Out-Law News | 24 Apr 2013 | 1:01 pm | 3 min. read

Pension savers will be able to automatically take small pension pots with them when they change job under new plans announced by the Government.

It has confirmed that a "pot follows member" automatic transfer mechanism (25-page / 387KB PDF) will be included in the forthcoming Pensions Bill.

Pensions Minister Steve Webb said that the plans could reduce the proportion of people reaching retirement with five or more dormant pension pots as a result of changing jobs from a quarter to one in 30.

"We want to make it the norm that when you move job your pension rights can move with you if you wish," he said. "This will reduce the costs of providing pensions and will help people to be much more engaged with their savings."

The legislation will also abolish short-service refunds, where pension contributions are repaid to employees who leave their role before they become entitled to any rights under a pension scheme. This will apply to savers who leave a trust-based money purchase scheme within two years, and will come into force following Royal Assent of the Pensions Bill.

Earlier this month, charity Age UK said that nearly a quarter of working adults had lost track of at least one small pension pot, usually because they had moved jobs too many times to keep track. The Department for Work and Pensions (DWP) has estimated that people have an average of 11 jobs over the course of their working lives, a statistic which it said would result in around 50 million dormant pension pots by 2050 without action.

The number of small pension pots workers will accumulate as they move between jobs will increase under the Government's programme of automatic enrolment, the DWP said. This will see most workers enrolled in a workplace pension scheme by 2018.

Under the plans, any pension pots worth less than £10,000 accrued over a person's working life will automatically move with that person when he or she changes job. Initially, only those savings accrued under money purchase, or defined contribution (DC), schemes will transfer automatically. Pension rights under defined benefit (DB) schemes will not be included at this stage, due to the complexity of these products. Pension scheme providers and administrators will operate the transfer, and individuals will be able to opt out of the process if they wish.

A pension pot will be eligible for automatic transfer as long as it was created after a certain date. It will be eligible either once all contributions have ceased and the individual has left employment, or once all contributions have ceased for a prescribed period of time. Regulations, to be published at a later date, will specify what information should be given to the pension scheme member and by whom, so that the member is properly informed about the nature of the transfer process and the effects that it may have on their benefits.

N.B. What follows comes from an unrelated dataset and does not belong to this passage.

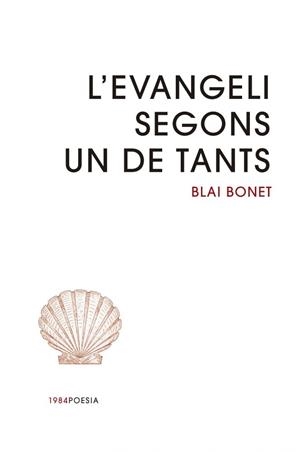 L'EVANGELI SEGONS UN DE TANTS | 9791387757328 | BONET, BLAI | Llibreria Online de Banyoles | Comprar llibres en català i castellà online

The Pensions Regulator will be the main enforcement body for the automatic transfer process, the Government said. It will align its approach to regulation with its overall regulatory framework for DC schemes, which is currently under consultation. Details of the requirements, and penalties for breaches, will be set out in future regulations.

Pensions expert Simon Tyler said that although the plans would "undoubtedly assist with reducing the number of small pots", the Government must ensure that the final process is "simple and practicable". However, he welcomed the DWP's promise to minimise any additional burdens on employers, as outlined in its paper.

"This is a welcome development, as the process outlined in the July 2012 consultation paper imposed considerable additional obligations on employers," he said.

"There is still a lot of detail to be worked out. A central data-matching process would be complex, but the simpler alternative outlined in the paper relies on employees themselves passing on information to their new employers on recruitment," he said.

However, reaction to the paper by the pensions industry was mixed. Although the plans were welcomed by some pension providers, industry body the National Association of Pension Funds (NAPF) said that the approach "could put workers' savings at risk" if they were automatically transferred "from an excellent pension into a bad one with high charges".

Pensions expert Simon Tyler said that the question of "what quality standards" would apply to a scheme in order for it to be eligible to receive an automatic transfer was "critical".

"The Government will need to ensure that members do not suffer by being automatically transferred to poor-quality schemes, but can't be overly prescriptive if this unduly restricts the number of transfers," he said.